Data section

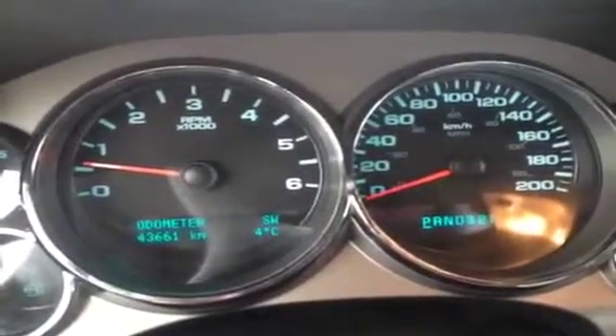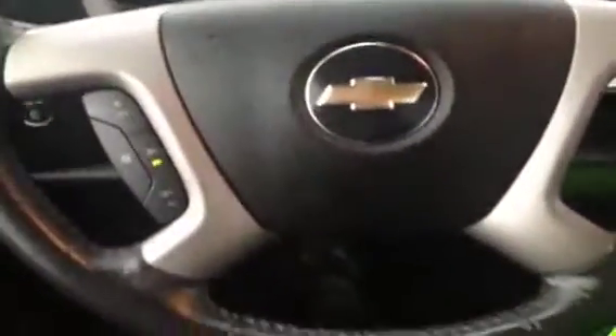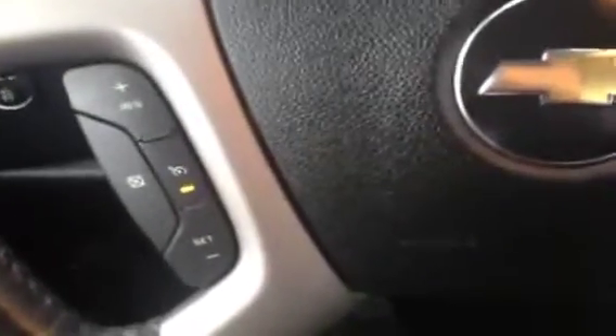This is the inside of the 2009 Chevrolet Silverado with 43,661 kilometers on it. This vehicle comes very well equipped inside. The buttons on the left for cruise control, as well as a leather-wrapped steering wheel.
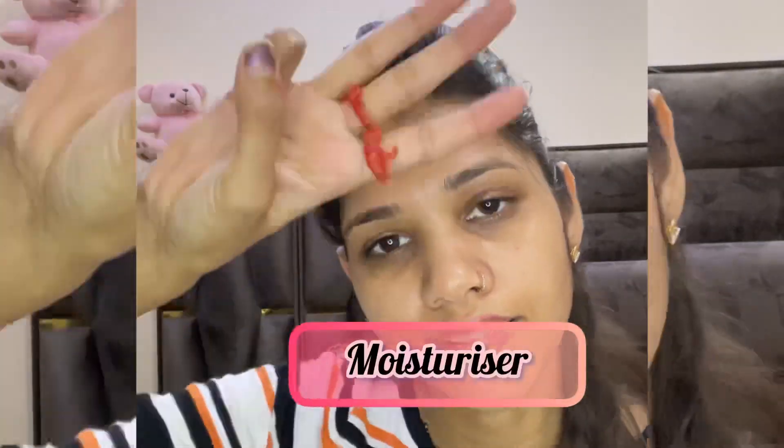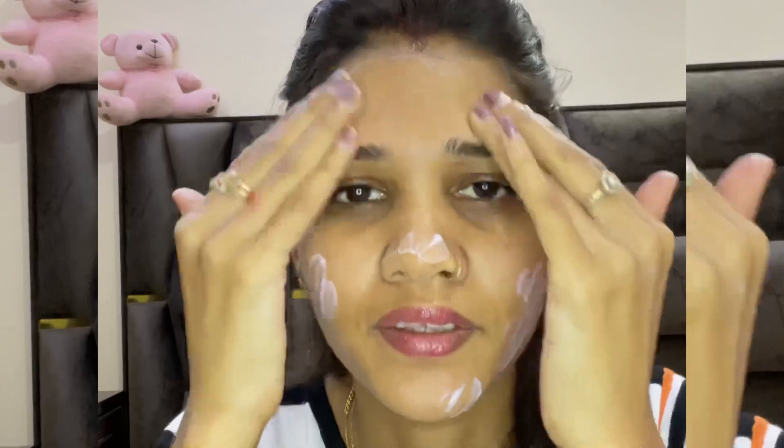The third step is moisturizer. If you have dry skin, you should use a good quality moisturizer. It helps to hydrate your skin and keeps it healthy before makeup application.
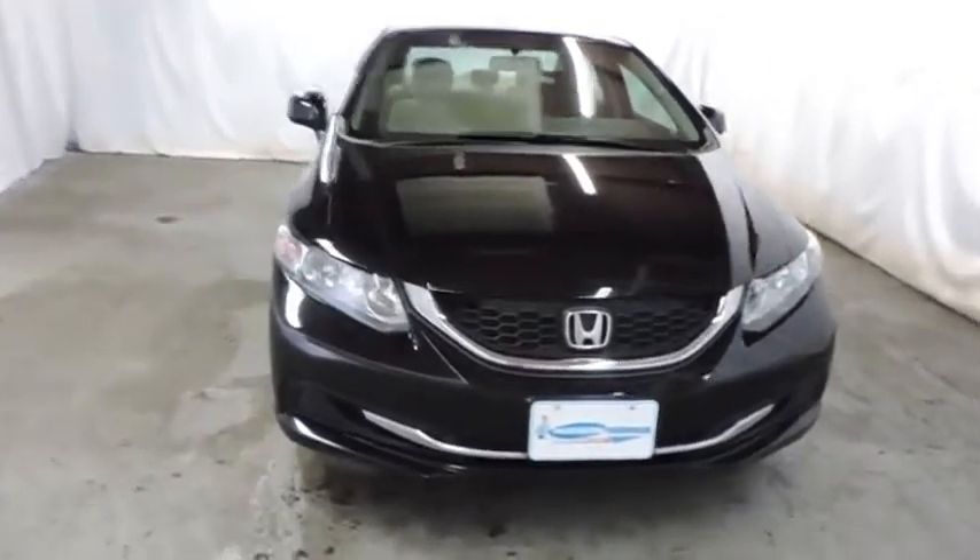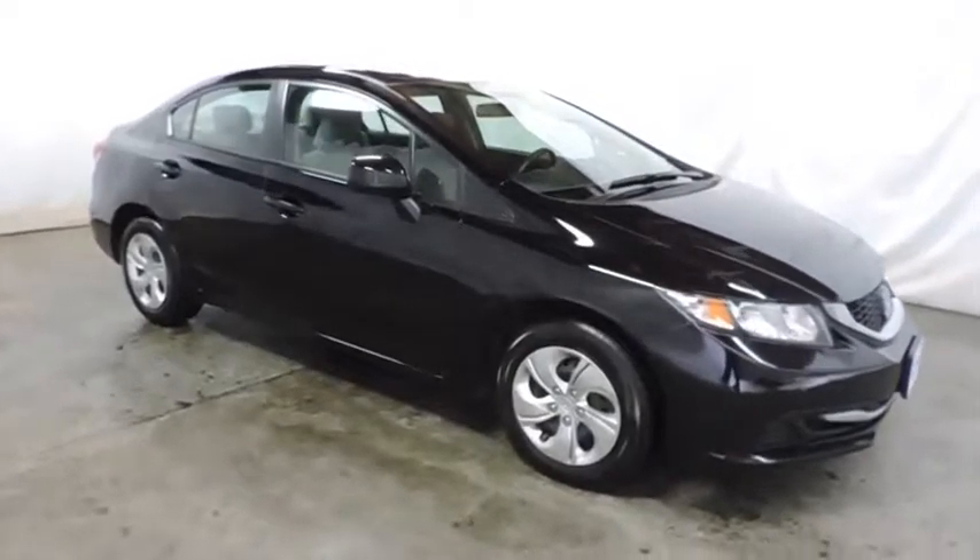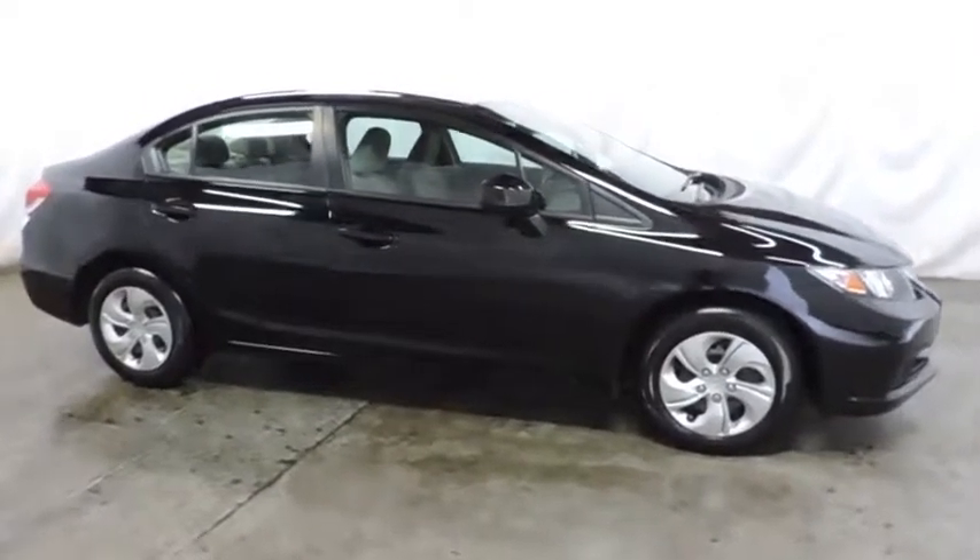The 2013 Honda Civic. Honda Civic — practical, awesome gas mileage, and incredibly reliable. This vehicle has less than 40,000 miles.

What the task asks
Print out the material verbatim, skipping pictures.

Finished exercise
This is the inside of the 2009 Chevrolet Silverado with 43,661 kilometers on it. This vehicle comes very well equipped inside. The buttons on the left for cruise control, as well as a leather-wrapped steering wheel.
The third step is moisturizer. If you have dry skin, you should use a good quality moisturizer. It helps to hydrate your skin and keeps it healthy before makeup application.
The 2013 Honda Civic. Honda Civic — practical, awesome gas mileage, and incredibly reliable. This vehicle has less than 40,000 miles.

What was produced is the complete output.